Pour la septième fois depuis début mai, des dizaines de milliers de Serbes sont attendus dans les rues de Belgrade, samedi 17 juin, pour protester contre leur président. Au pouvoir depuis 2014 comme premier ministre, puis chef de l’Etat, Aleksandar Vucic, 53 ans, fait face à un mouvement de contestation d’une ampleur et d’une durée inédites. Les manifestants l’accusent de promouvoir une « atmosphère de violence », qui aurait indirectement provoqué deux tueries survenues début mai.

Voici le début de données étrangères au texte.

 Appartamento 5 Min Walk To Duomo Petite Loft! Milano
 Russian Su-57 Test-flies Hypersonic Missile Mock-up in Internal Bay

Ce double drame qui a fait dix-huit morts – parmi lesquels neuf enfants, assassinés par un camarade de classe dans leur école de la capitale –, a laissé ce pays des Balkans sous le choc. Chez une partie des 6,7 millions de Serbes, l’émotion s’est transformée en une colère qui ne retombe pas.

« Ils manifestent pour stopper cette violence qui fait partie de notre société », explique ainsi Dragan Djilas, le président du Parti de la liberté et de la justice (social-démocrate), qui coorganise les manifestations avec d’autres mouvements de l’opposition dite proeuropéenne – même si des éléments de l’extrême droite prorusse y sont aussi régulièrement présents. « Dans la rue, il y a beaucoup de jeunes, de professeurs, d’artistes qui veulent enfin une vie normale et que la Serbie se concentre sur son chemin européen. »

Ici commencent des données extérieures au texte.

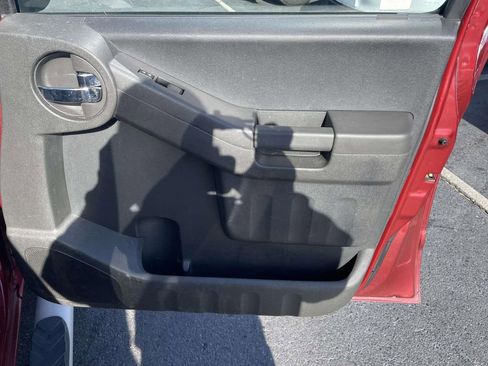 Used 2015 Nissan Xterra PRO-4X w/ Pro-4x Leather Package image 42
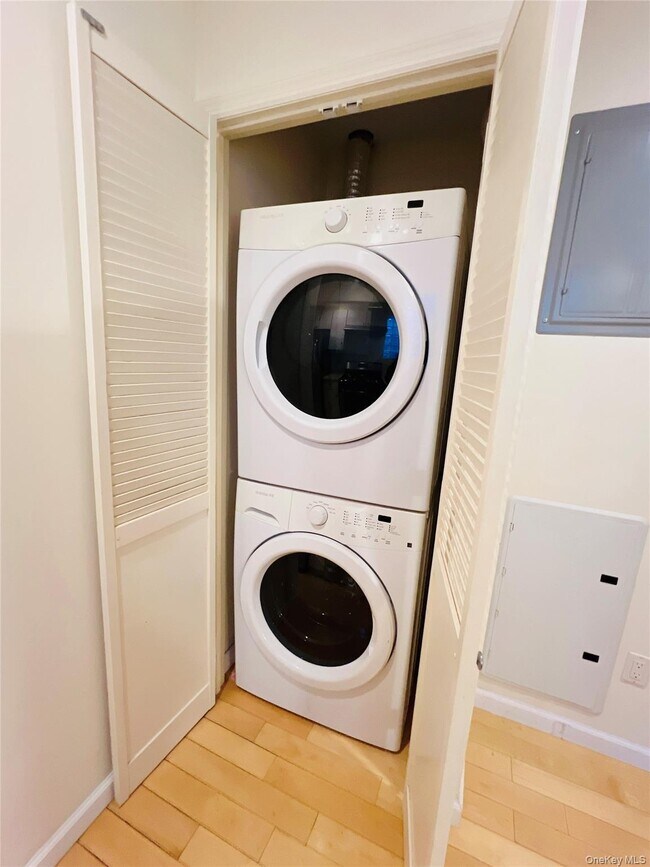 Building Photo - 143-28 41st Ave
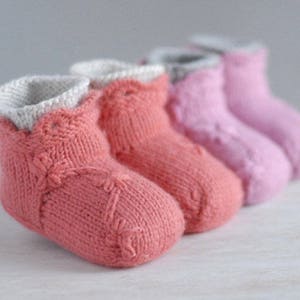 Baby booties knitting Pattern 'Lila Stay-On Bootie' , a knitting pattern for baby girls and handmade baby shower gift image 6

Fatigués de voir leur pays obnubilé par les guerres d’ex-Yougoslavie (1991-1999) et pénétré par une mafia surarmée, ces Serbes comparent, avec audace, leur mouvement aux manifestations qui ont mené à la chute du dictateur Slobodan Milosevic, en 2000. Nommé « La Serbie contre la violence », le mouvement a une longue liste de revendications, parmi lesquelles, notamment, la démission du ministre de l’intérieur et celle du chef des services de renseignement ; mais, plus largement, les manifestants veulent en finir avec l’apologie de la violence présente dans les nombreux organes de propagande du pouvoir. Réélu triomphalement en avril 2022 avec plus de 60 % des voix, M. Vucic a certes promis de « désarmer quasi totalement » les Serbes face à l’ampleur de la circulation des armes à feu, mais les manifestants ne lui font pas confiance.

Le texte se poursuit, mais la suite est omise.